Small-boat attacks are also launched using many more than just one or two craft. An adversary can assault a large naval vessel by adopting swarm attack tactics in an effort to overwhelm its defences.
So how do you consistently detect potentially hostile small craft, including wooden or fibreglass boats that would be difficult to find using conventional search methods?
Developed by Australian company Sentient Vision Systems, ViDAR (Visual Detection and Ranging) is a wide-area optical search system that autonomously detects objects on the surface of the ocean in real time.
This cutting-edge technology provides operators with a persistent maritime threat detection capability, day and night.

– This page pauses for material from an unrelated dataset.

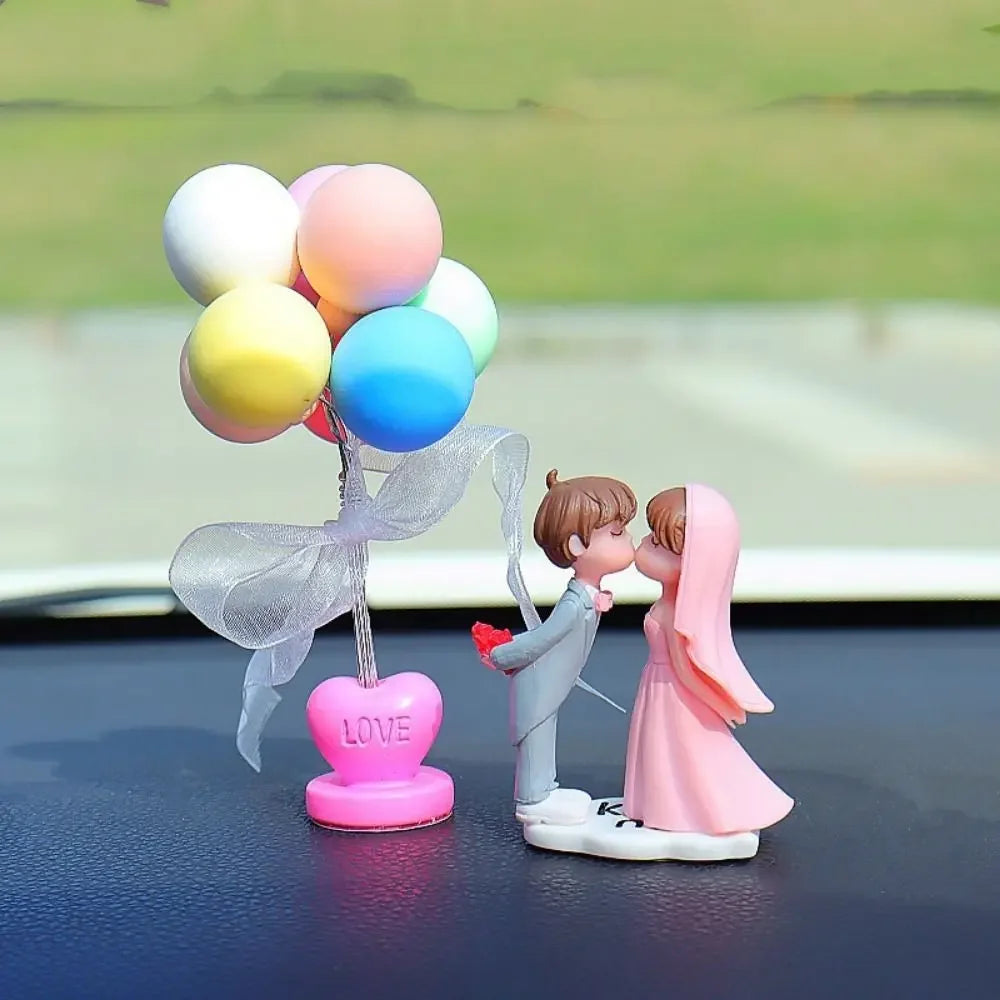 Get Married Car Ornaments Wedding Dress Resin Cartoon Couples Model Zpaxo style 10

ViDAR has been put through real-world evaluations that resulted in automatic detection of a fast attack craft (FAC) at a range of 17 nautical miles and jet skis at 5 NM, when fitted to an unmanned aerial vehicle (UAV).
ViDAR could be mounted directly on a vessel, providing a warship with an added layer of protection against asymmetric threats or acting as a vital early-warning system for commercial vessels passing through high-risk areas.
Alternatively, this operationally proven system could be carried by a shipborne UAV or helicopter, offering enhanced perimeter protection.
ViDAR can be easily and seamlessly integrated with a vessel’s existing surveillance technology, and features an intuitive interface meaning no special training or experience is required to operate it.
“ViDAR is the world’s first optical radar, providing operators with a powerful search capability that automatically identifies threats in the maritime domain,” says Damien Tyrrell, director of business development for the Indo-Pacific at Sentient.
“Small, fast boats – which are hard to detect when relying on traditional radar – pose a risk to merchant and navy ships alike, particularly if they attack in a swarm. But when equipped with ViDAR, vessels are alerted to their presence well in advance; crucially, this warning gives crews time to react.”
As they reassess their preparedness, vessel operators should consider harnessing the power of artificial intelligence (AI)-enabled automation to enhance their surveillance capabilities, to keep their crews and ships safe.